JOHN COCKAYNE: Dispute over Rondebosch Golf Club requires concessions by all
Arguments about effective land use and commercial values accrued are not clear cut
This is the third and last instalment in a series on a land dispute between the Rondebosch Golf Club, land claimants and the City of Cape Town.
The coastal city of Cape Town is known for its wind, not least by the golfers. It has been said that a baboon with a knobkerrie is not safe out on some of the region’s golf courses with a full blow-on.
Some parties involved in this argument are looking for winds of a different type, winds of change, which it is hoped will change the way the city is seen to be managing its land use and urgent housing issues.
So it would seem that the Rondebosch Golf Club finds itself facing not only its own issues in terms of its lease renewal but is in the eye of a much larger storm about lack of real change nationally.
The battle lines are drawn, and the core issues are clear, even if the possible solutions, equitable or otherwise, look about as straightforward or as appetising as a downhill 15-foot putt across the surface of a tilted mirror.

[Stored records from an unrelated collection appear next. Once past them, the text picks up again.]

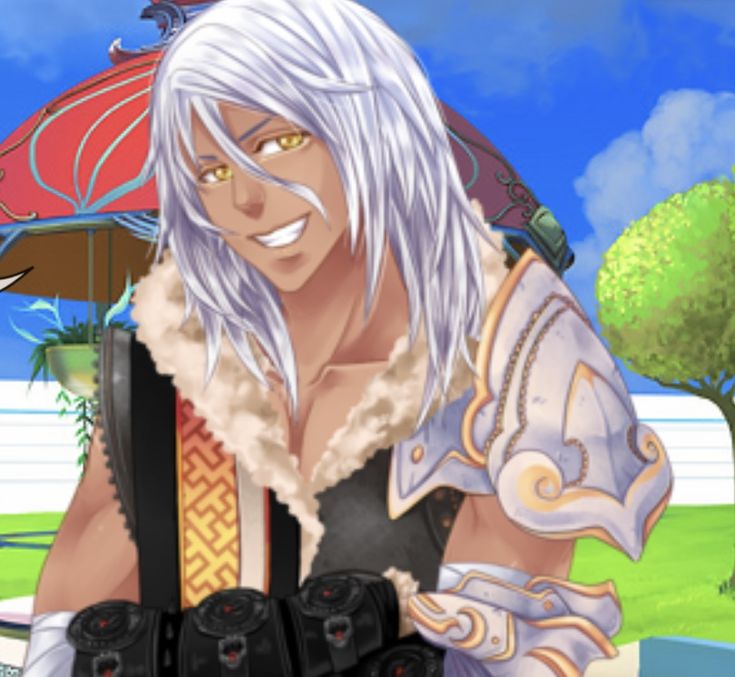 Afton ? DOCETE tweet media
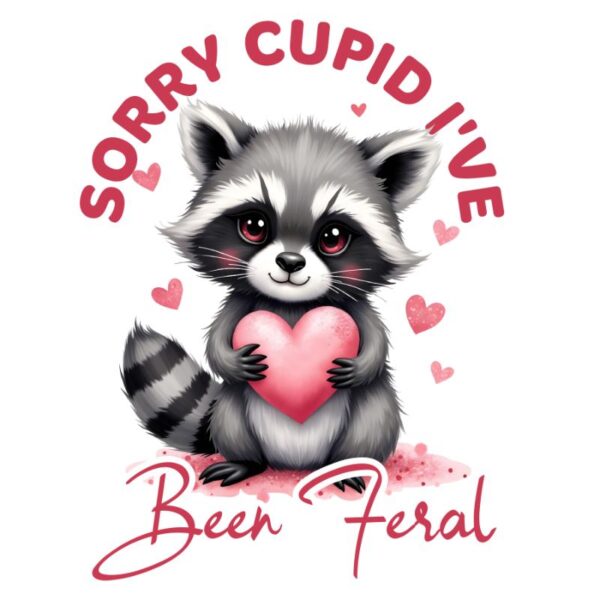 Heat transfers Iron on stickers  Valentine`s Day Valentine lover 364 for Tshirts Iron on Decal Patches Stickers Clothes Hat Pillows DIY Crafts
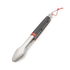 17579971-1.jpg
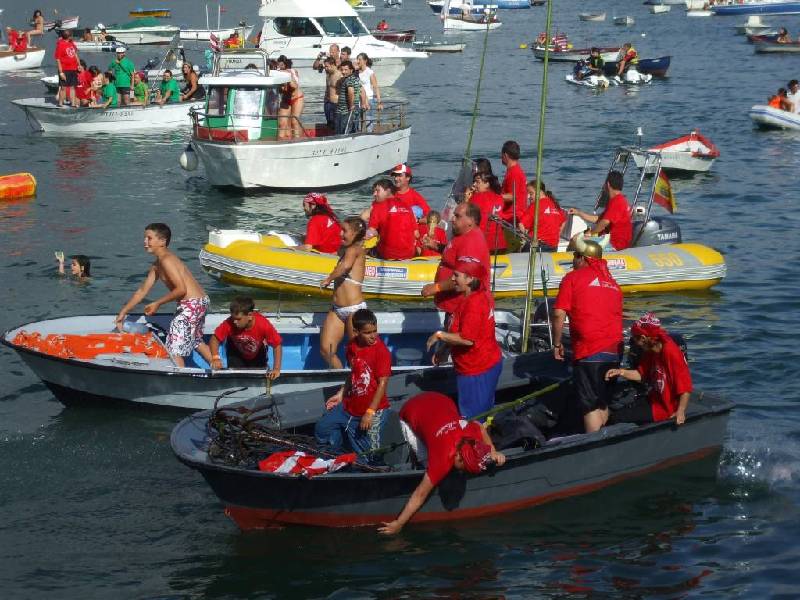 2008 InvasionRedes036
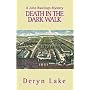 Death in the Dark Walk (John Rawlings Mystery)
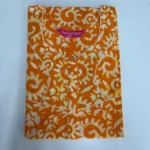Batik Nighty XXXL Size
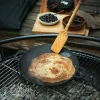 Grillspade Norden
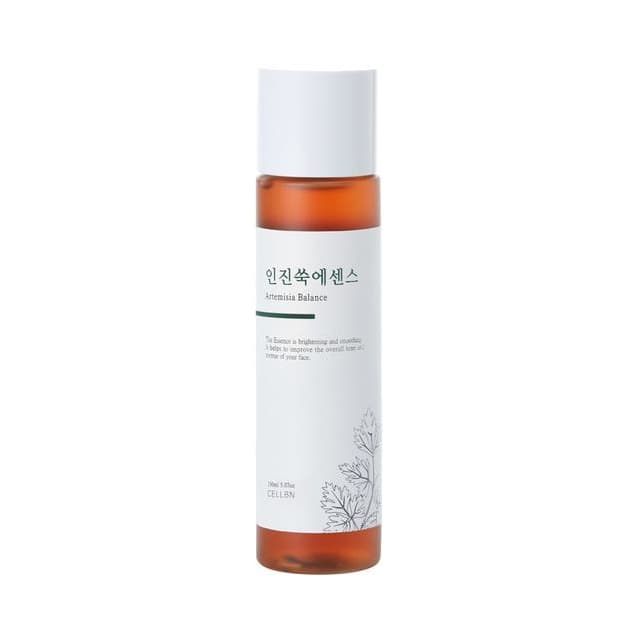 Artemisia Balance Essence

The arguments of the lobby that opposes the new lease are based on the premise that a golf club’s needs are irrelevant compared with the urgent need for more middle- and lower-income group housing to be made available nearer to the city centre.
This is coupled with arguments by Uma Dhupelia-Mesthrie and Koni Benson about the historical legacy of apartheid’s spatial planning and the effects of the Group Areas Act. Dhupelia-Mesthrie and Benson are academics at the University of the Western Cape with backgrounds in history.
Groans of disbelief
These issues are black and white. However, this colour scheme does not apply to arguments about effective land use and the commercial values accrued from the land’s current use as a golf course.
Add into this volatile mix the type of assurances from the city council that it recognises the need for change and transformation and to address the spatial injustices of the past, all of which will be greeted with groans of disbelief.
Comments that the city is looking for suitable well-located land in urban centres in and about Cape Town, will only further fuel the fires of debate about the continued protection of vested interests.
It will also add impetus to the narrative about the lack of any real change everywhere and questions such as, “how much longer before we see any tangible change”, and “why should we continue to patiently watch and wait, while management teams, committees, subcommittees, etc all debate endlessly about the possible solutions that must be put in place”?
The golf club and the city council have argued to the commercial merits of continuing the lease, albeit that the principle of the peppercorn rent is being reviewed.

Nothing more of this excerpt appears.